* The data:
###
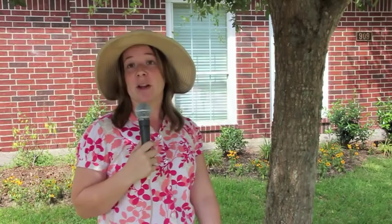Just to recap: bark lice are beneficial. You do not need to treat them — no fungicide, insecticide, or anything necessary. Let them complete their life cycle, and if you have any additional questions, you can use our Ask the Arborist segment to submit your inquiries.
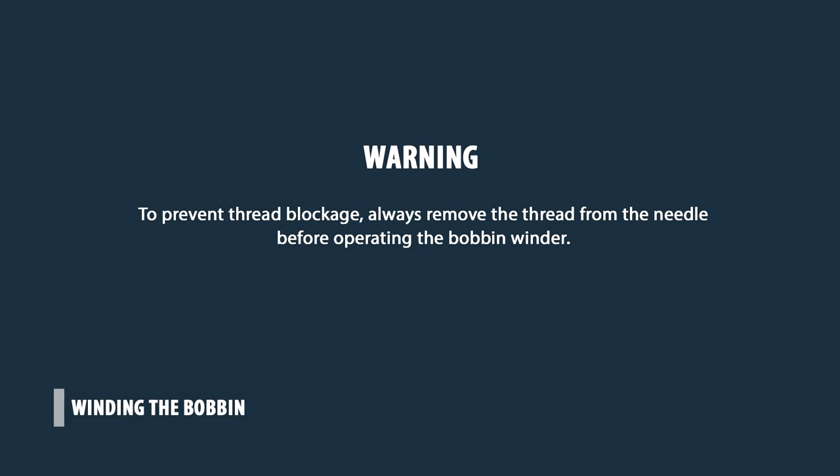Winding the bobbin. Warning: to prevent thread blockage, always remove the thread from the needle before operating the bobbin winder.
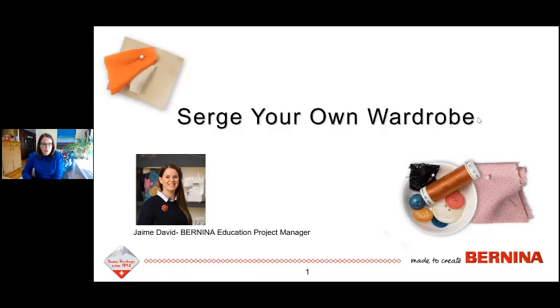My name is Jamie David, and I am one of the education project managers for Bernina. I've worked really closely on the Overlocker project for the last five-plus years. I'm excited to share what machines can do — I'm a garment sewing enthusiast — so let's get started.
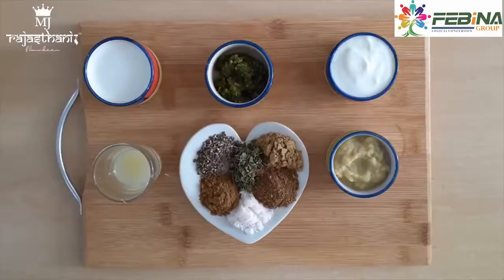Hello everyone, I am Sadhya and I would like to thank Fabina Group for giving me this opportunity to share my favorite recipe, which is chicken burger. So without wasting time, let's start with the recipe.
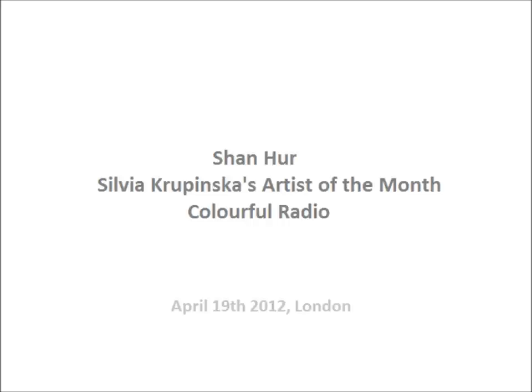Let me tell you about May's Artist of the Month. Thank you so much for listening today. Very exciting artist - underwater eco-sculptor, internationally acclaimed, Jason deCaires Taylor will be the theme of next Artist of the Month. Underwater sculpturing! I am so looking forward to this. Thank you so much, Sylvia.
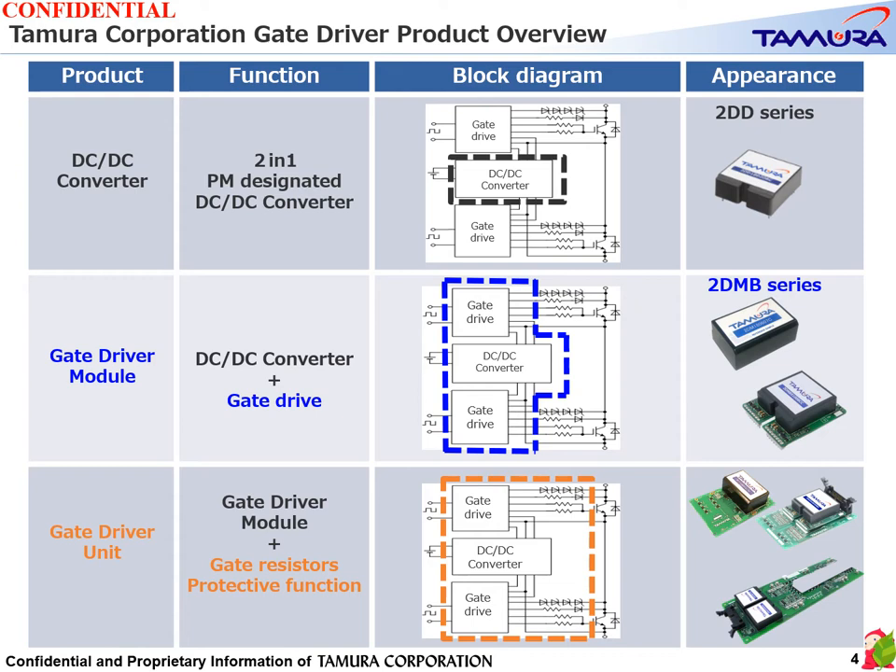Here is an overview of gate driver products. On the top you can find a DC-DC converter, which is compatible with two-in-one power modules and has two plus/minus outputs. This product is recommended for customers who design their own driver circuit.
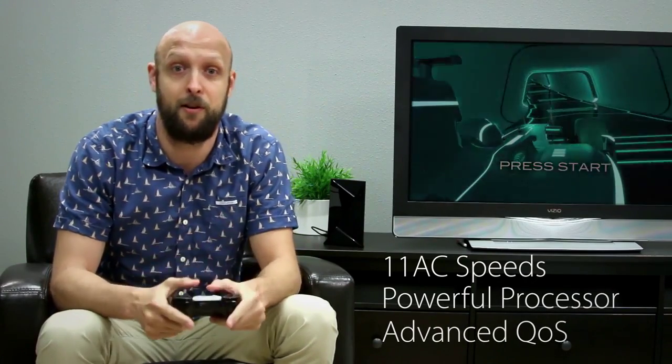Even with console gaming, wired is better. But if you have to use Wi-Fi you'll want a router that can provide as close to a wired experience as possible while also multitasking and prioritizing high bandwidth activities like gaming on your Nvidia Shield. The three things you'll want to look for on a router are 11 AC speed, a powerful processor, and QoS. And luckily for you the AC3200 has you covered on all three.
###
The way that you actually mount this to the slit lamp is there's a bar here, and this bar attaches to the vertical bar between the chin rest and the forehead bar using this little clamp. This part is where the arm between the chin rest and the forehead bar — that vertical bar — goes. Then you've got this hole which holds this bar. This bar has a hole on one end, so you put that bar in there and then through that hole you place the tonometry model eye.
###
* Problem details: From the records above, copy exactly the stretch from the line holding "Here is an overview" through the line holding "Even with console", both ends included, without the pictures.

* Answer section:
Here is an overview of gate driver products. On the top you can find a DC-DC converter, which is compatible with two-in-one power modules and has two plus/minus outputs. This product is recommended for customers who design their own driver circuit.
Even with console gaming, wired is better. But if you have to use Wi-Fi you'll want a router that can provide as close to a wired experience as possible while also multitasking and prioritizing high bandwidth activities like gaming on your Nvidia Shield. The three things you'll want to look for on a router are 11 AC speed, a powerful processor, and QoS. And luckily for you the AC3200 has you covered on all three.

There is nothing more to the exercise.